--- PROVIDED RECORDS ---
⟨

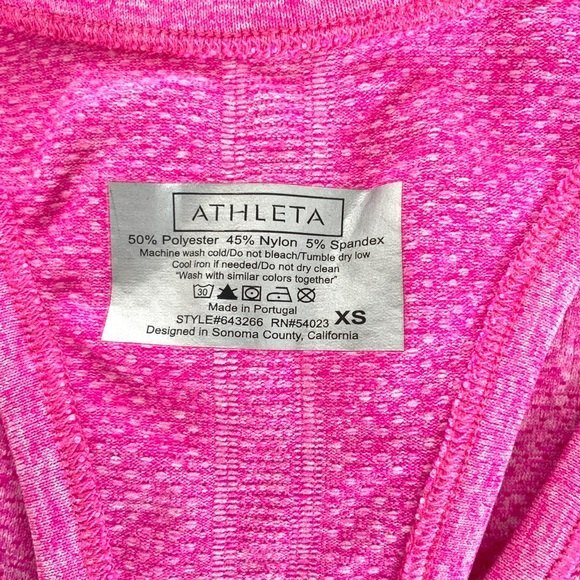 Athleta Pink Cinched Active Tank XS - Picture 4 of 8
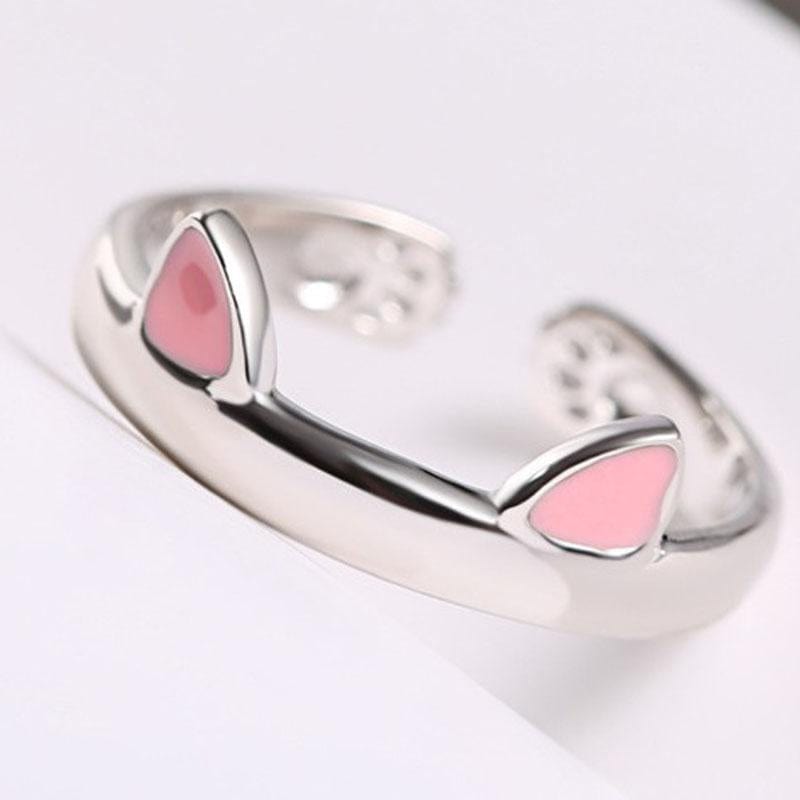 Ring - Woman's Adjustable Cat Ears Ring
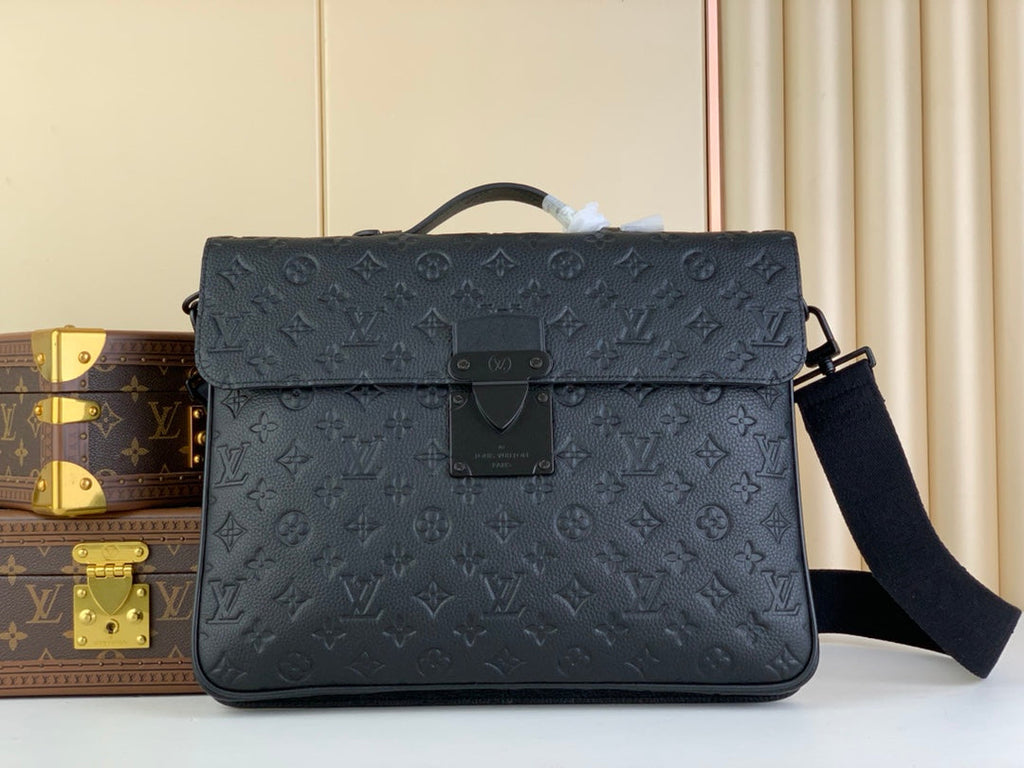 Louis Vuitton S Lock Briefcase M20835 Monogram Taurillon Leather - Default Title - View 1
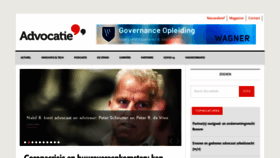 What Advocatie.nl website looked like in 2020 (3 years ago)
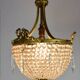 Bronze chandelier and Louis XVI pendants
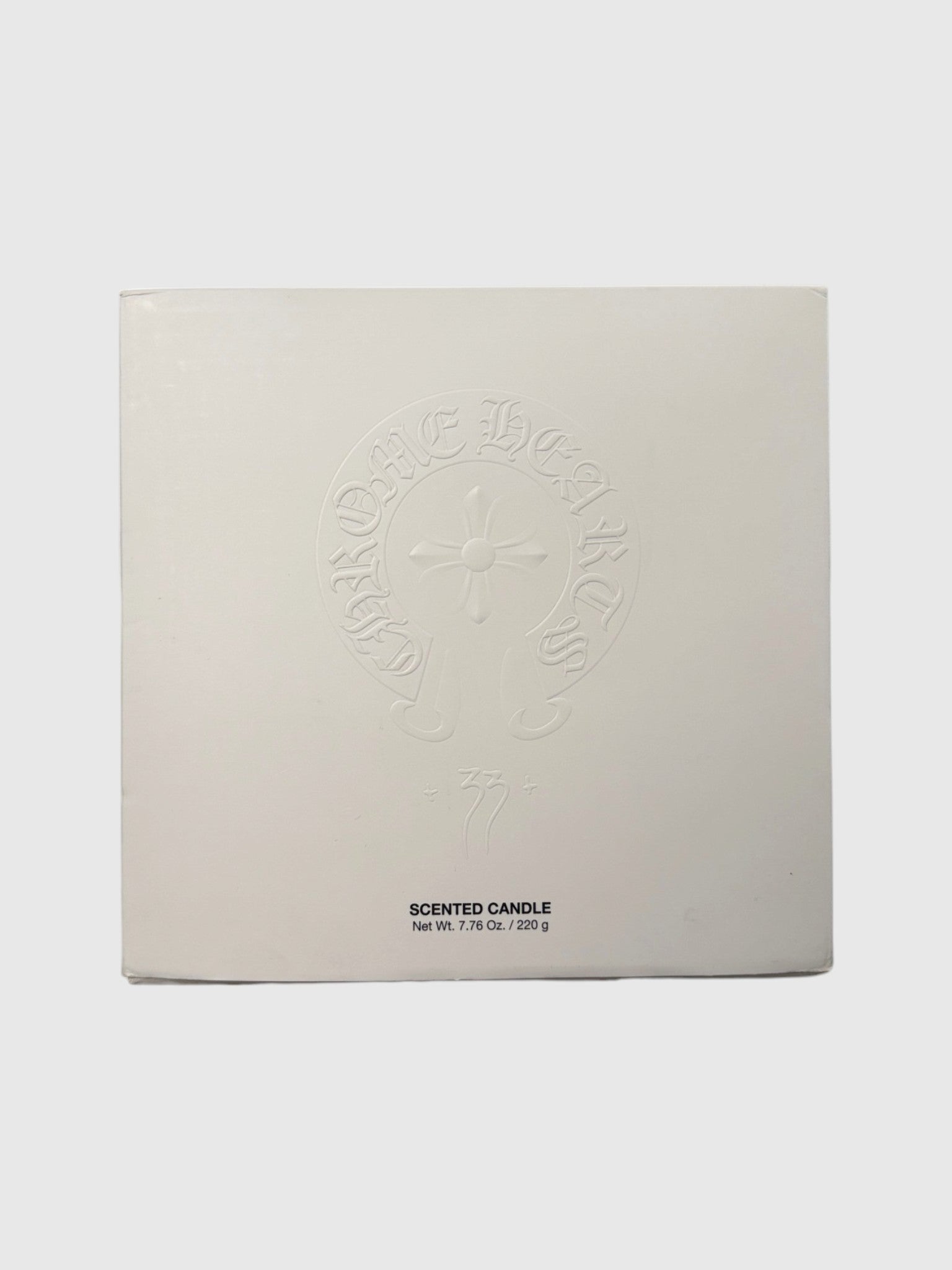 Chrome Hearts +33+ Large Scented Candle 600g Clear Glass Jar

⟩
⟨

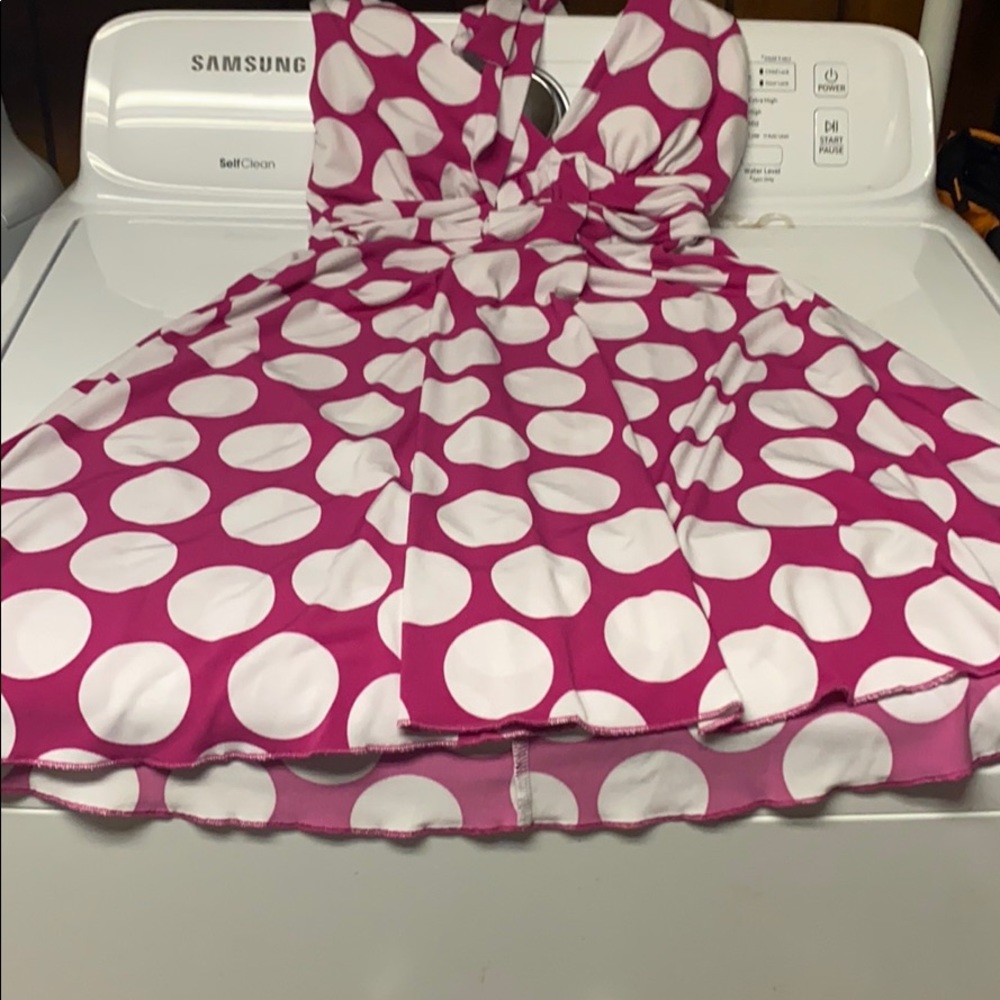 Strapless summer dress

⟩
⟨

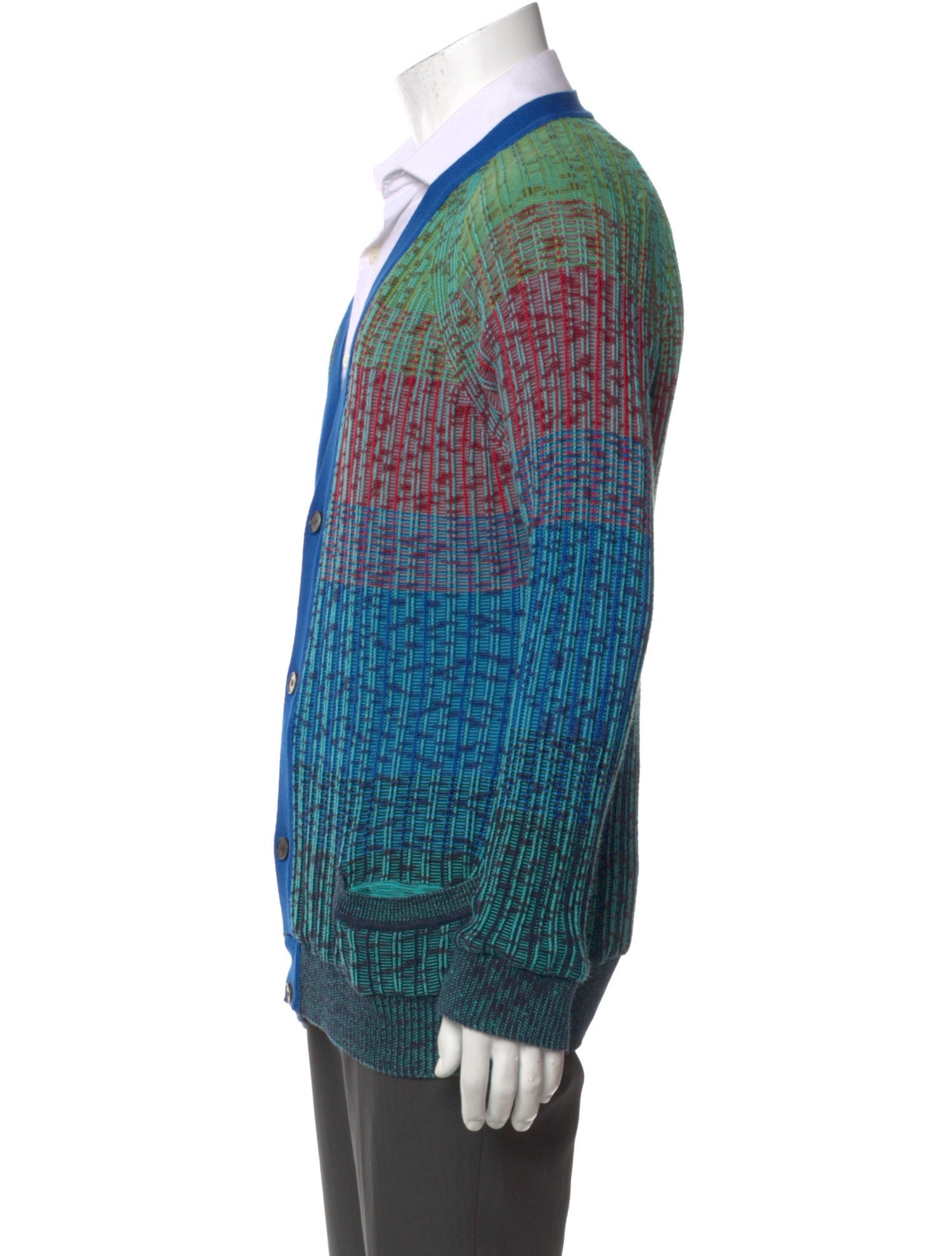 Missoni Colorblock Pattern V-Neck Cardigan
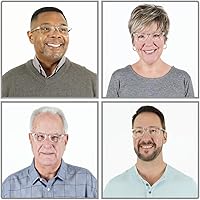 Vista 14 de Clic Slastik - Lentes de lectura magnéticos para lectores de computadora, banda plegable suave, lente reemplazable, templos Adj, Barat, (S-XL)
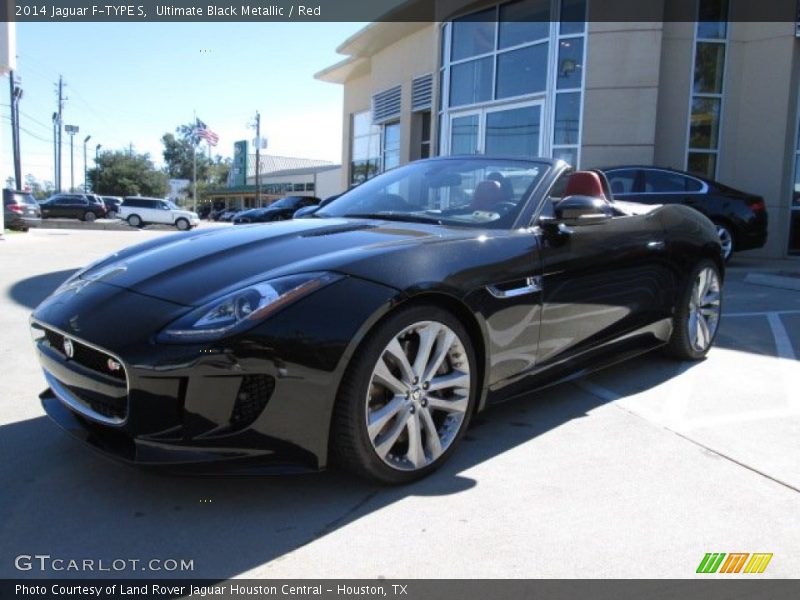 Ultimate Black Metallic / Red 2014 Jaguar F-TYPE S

⟩

--- ASSIGNMENT ---
Each line between the one holding "Vista 14 de" and the one holding "Ultimate Black Metallic", inclusive, should be copied exactly as it appears above, and pictures should be omitted.

--- EXPECTED ANSWER ---
 Vista 14 de Clic Slastik - Lentes de lectura magnéticos para lectores de computadora, banda plegable suave, lente reemplazable, templos Adj, Barat, (S-XL)
 Ultimate Black Metallic / Red 2014 Jaguar F-TYPE S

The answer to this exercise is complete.